Data : Data may be any fact related to any object/entity which is in consideration. For example, your name, age etc. are the examples of some data related to you. A picture, image, file, pdf, etc can also be considered as data.Data may be simple and at the same time can be unorganized.Data is always interpreted, by a human or machine, to derive a meaning.
Information : Information is a collection of data which have some meaning.Information is processed, structured, or presented in a given context to make it meaningful and useful.It is processed data which includes data that may have some link, context, relevance, and purpose. It also involves manipulation of raw data.Information cerates some meaning and improves the reliability of the data.e.g. the Age of student is 18 years
Database : A database is an organized collection of structured information, or data, typically stored electronically in a computer system. e.g. Database of a School or College contains the data and/or information about the student,attendance and exaimnation details of the student.
Database File : Database file is a file which stores data and objects such as tables, indexes, stored procedures, and views.
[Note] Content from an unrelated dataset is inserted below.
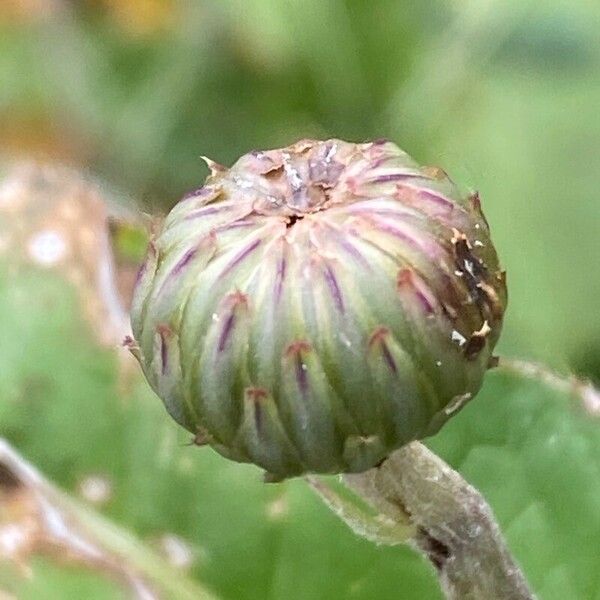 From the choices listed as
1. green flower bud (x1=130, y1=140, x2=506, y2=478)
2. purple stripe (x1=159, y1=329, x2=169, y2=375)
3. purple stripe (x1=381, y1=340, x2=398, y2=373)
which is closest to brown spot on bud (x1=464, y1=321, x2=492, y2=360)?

Field : A database field which can store a single piece of information. e.g. 18 value,stored in database.
Record : A database record is a set of fields. e.g. Personal Information of a single student in the database.
DBMS(Database Management Systems) : A DBMS is computerized system which manages the database according to the user's requirement.
Primary Key : is a field or set of fields which uniquely indentifies the value from the given table/relation.There are two properties of Primary Key :1) should not be null and 2) should be unique.e.g. Student ID is the paimary key in Student information table because in ideal condition and at a time a student has always unique ID in the college/school.
Foreign Key : : is a field which references the primary key of some othere table/relation.There are two properties of Primary Key :1) It may be duplicated or null and 2) The possible value should be in range from the Primary Key value only.e.g. StudentID in student attendance table. where StudentID field references the StudentID field of StudentInfor table.
There are many different types of databases available. The best database for a specific organization depends on how the organization wants to use/save the data.Following are the types available.
Relational databases : Relational databases became dominant in the 1980s. Items in a relational database are organized as a set of tables with columns and rows. Relational database technology provides the most efficient and flexible way to access structured information. e.g. Oracle Databse,MySQL etc.
Object-oriented databases : Information in an object-oriented database is represented in the form of objects, as in object-oriented programming.e.g. IBM informix
Distributed databases : A distributed database consists of two or more files located in different sites. The database may be stored on multiple computers, located in the same physical location, or scattered over different networks.e.g. IBM Cloudant
Data warehouses : A central repository for data, a data warehouse is a type of database specifically designed for fast query and analysis.
NoSQL databases : A NoSQL, or nonrelational database, allows unstructured and semistructured data to be stored and manipulated (in contrast to a relational database, which defines how all data inserted into the database must be composed). NoSQL databases grew popular as web applications became more common and more complex.e.g. MongoDB,Firebase
Graph databases : A graph database stores data in terms of entities and the relationships between entities.e.g. Neo4j
OLTP databases : An OLTP database is a speedy, analytic database designed for large numbers of transactions performed by multiple users.
The databases can be divided further according to the technology point view :
Open source databases : An open source database system is one whose source code is open source; such databases could be SQL or NoSQL databases.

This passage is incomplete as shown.